## What you should do:
When you reach the line with "A person with" in the data below, begin printing lines exactly, and stop once the line with "Jahmyr Gibbs, Jared" has been printed.

## Material provided:
= = =

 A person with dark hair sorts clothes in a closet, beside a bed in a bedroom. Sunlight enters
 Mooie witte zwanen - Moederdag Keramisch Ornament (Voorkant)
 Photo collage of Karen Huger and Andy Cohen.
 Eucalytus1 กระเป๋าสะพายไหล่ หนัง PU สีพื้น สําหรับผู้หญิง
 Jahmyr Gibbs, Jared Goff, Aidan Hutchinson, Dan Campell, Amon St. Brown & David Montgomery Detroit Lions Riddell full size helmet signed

= = =

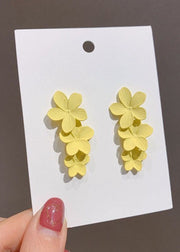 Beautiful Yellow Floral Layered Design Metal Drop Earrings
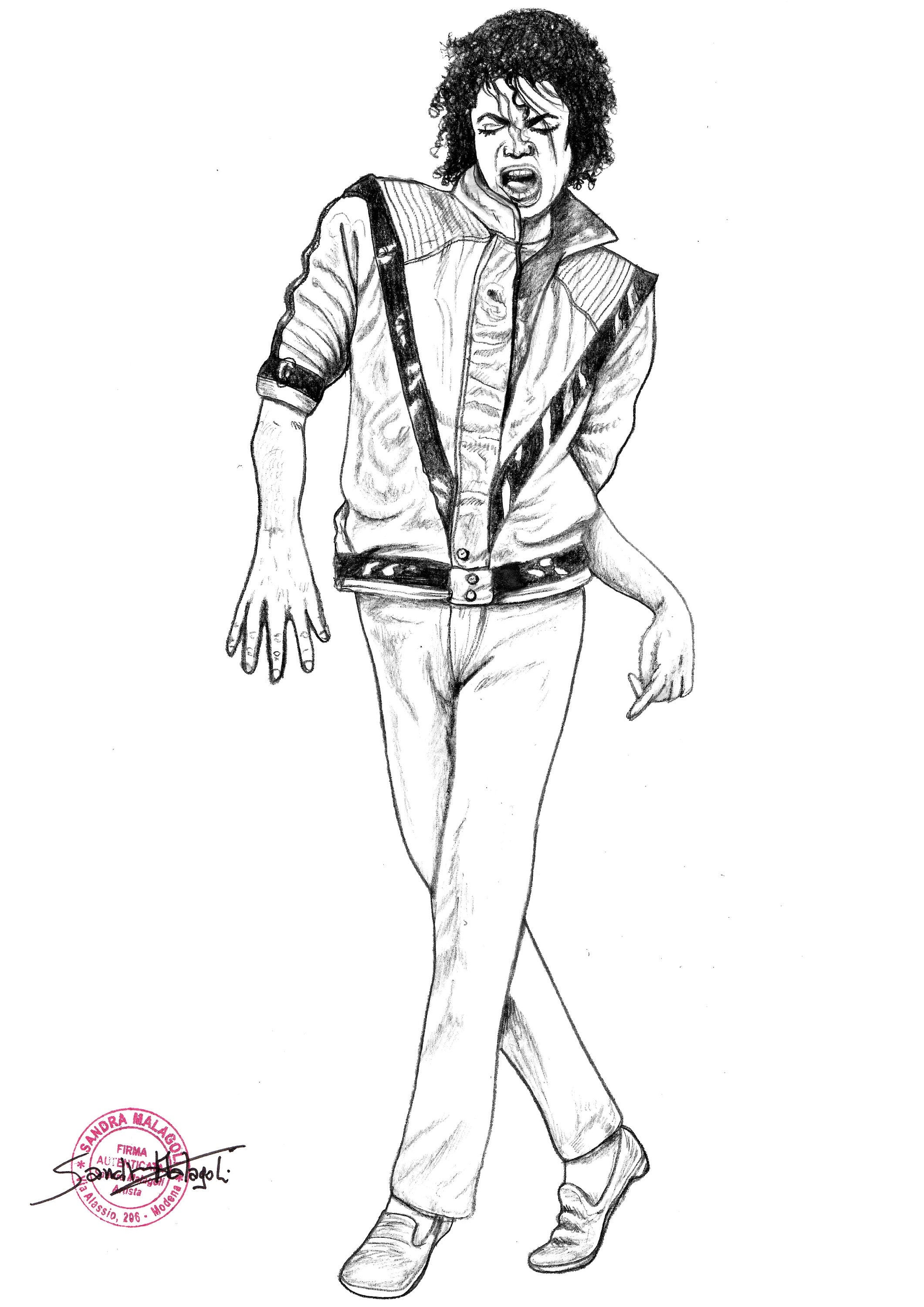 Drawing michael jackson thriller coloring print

= = =

## Written solution:
 A person with dark hair sorts clothes in a closet, beside a bed in a bedroom. Sunlight enters
 Mooie witte zwanen - Moederdag Keramisch Ornament (Voorkant)
 Photo collage of Karen Huger and Andy Cohen.
 Eucalytus1 กระเป๋าสะพายไหล่ หนัง PU สีพื้น สําหรับผู้หญิง
 Jahmyr Gibbs, Jared Goff, Aidan Hutchinson, Dan Campell, Amon St. Brown & David Montgomery Detroit Lions Riddell full size helmet signed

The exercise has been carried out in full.